EXERCISE DETAILS -
Only one stretch of the data below is needed. Output the lines from the one with "G8 Halogen 120V" up to and including the one with "Картинка облака, замок, Германия, башни, Drachenburg", exactly as they stand.

DATA RECORDS -
━━━━━━━━
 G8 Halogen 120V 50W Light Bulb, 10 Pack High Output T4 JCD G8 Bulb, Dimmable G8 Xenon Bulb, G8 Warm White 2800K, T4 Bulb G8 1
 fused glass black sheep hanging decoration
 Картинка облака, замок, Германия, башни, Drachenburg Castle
━━━━━━━━
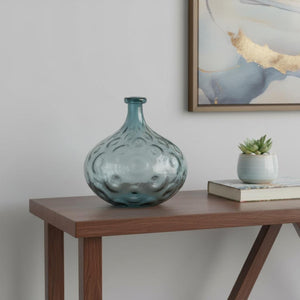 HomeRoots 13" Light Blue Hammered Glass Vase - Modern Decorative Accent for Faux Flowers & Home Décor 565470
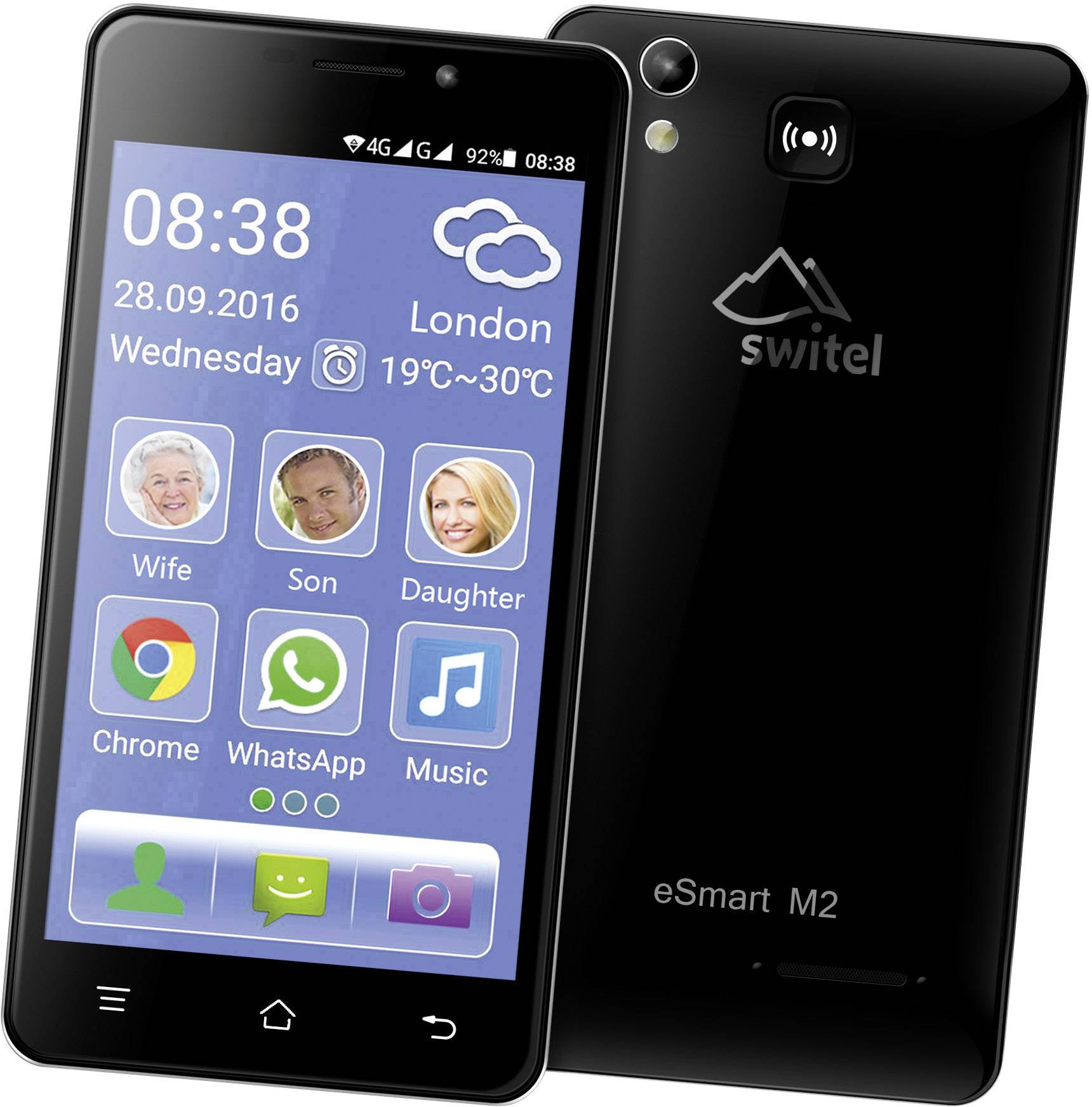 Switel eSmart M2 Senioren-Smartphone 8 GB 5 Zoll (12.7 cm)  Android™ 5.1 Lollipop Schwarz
━━━━━━━━
RESPONSE BOX -
 G8 Halogen 120V 50W Light Bulb, 10 Pack High Output T4 JCD G8 Bulb, Dimmable G8 Xenon Bulb, G8 Warm White 2800K, T4 Bulb G8 1
 fused glass black sheep hanging decoration
 Картинка облака, замок, Германия, башни, Drachenburg Castle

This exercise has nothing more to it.